Monday, 26 September 2016

Where did it all go wrong? The Labour Party after the second coming of the Messiah

As Labour MPs pick up the pieces after their battle with the left wing extremists led by their leader and his enforcer John McDonnell, it may be time to take stock and assess where to go from here.

The (second) election of Jeremy Corbyn (to his supporters, the second coming of the Messiah) demonstrates a deep shift in party politics. The question is whether this transformation of the Labour Party heralds a fundamental change in the attitudes of the wider electorate as well, signaling the long expected ‘move to the left’ once announced by Corbyn’s predecessor Ed Milliband.

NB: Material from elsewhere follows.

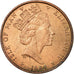 Munten, Eiland Man, Elizabeth II, Penny, 1987, ZF, Bronze, KM:143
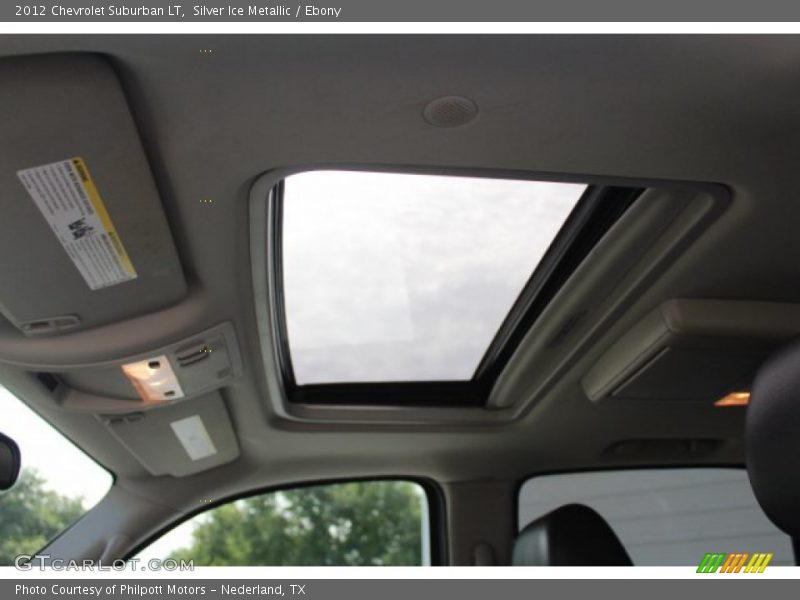 Silver Ice Metallic / Ebony 2012 Chevrolet Suburban LT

There can be no doubt that societies in the developed world have undergone a significant alteration of the political radar since the economic crisis in 2008. What used to be an attitude to wealth and income inequality best described by Tony Blair as ‘relaxed’ made way to a vibrant debate on social justice. At the forefront of this debate is the issue of wage stagnation since the 1990s in the US and  as Thomas Piketty argued, the growing income inequality fuelled by rising income from assets.

Where the picture veers into the strange is when we look at the responses to the crisis by the individual parties. Centre right parties moved gradually to the centre and tried to develop policies to counter wage stagnation, broadly trusting in the power of the economy to lift everybody’s boat at some time.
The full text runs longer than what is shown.